3.4. Tumor blood vessel disruption and occlusive embolus induction
Action against tumor blood vessels in vivo was revealed recently in our laboratories (unpublished result). In untreated tumor, tumor blood vessels with intact biconcave erythrocytes were observed by optical and electron microscopy (Figure 5a,d). In treated tumor, serious erythrocytes leakage was observed in necrosed area stained in pink, and leakage sites on the vessels were occasionally observed (Figure 5b,c). Simultaneously, serious tumor tissue destruction was observed in all of necrosed area by optical and electron microscopy (Figure 5b,c,e). Erythrocytes leakage could be occurred at fragile sites of irregular tumor blood vessel structure [32] due to lacked vessel-supporting function of tumor tissue and/or necrosis induction of wall cell, pericyte (Figure 5e). Interestingly, thrombotic occlusive embolization induced by hemostasis response was observed by electron microscopy in all of tumor blood vessels found in necrosed area (Figure 5e,f,g).
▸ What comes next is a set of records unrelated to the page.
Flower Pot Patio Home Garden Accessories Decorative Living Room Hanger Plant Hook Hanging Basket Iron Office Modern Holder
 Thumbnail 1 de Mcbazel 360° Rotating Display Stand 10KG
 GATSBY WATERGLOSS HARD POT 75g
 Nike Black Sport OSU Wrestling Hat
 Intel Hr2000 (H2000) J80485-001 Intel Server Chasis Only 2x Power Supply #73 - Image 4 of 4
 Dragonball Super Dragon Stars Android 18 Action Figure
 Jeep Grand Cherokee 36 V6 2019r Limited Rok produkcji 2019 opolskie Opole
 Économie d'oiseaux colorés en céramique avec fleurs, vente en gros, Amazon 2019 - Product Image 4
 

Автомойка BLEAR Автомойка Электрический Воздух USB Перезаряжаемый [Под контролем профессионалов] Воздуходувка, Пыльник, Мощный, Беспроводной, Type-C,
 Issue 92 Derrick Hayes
It was well known that stasis of tumor blood flow by embolization caused anticancer activity owing to nutrient and oxygen starvation [33]. From the beginning of this research, complete tumor regressions have been frequently observed in all of tested tumor models [21] (p.121), [26, 27]. To elucidate the efficacy, actions other than necrosed area induction have been searched in our laboratories, and anticancer immunity accelerated by Hsp70 expression and tumor antigen exposure has been reported [18, 34]. At this late day, tumor cell starvation caused by newly-found embolus induction was considered to participate in total anticancer activity reported.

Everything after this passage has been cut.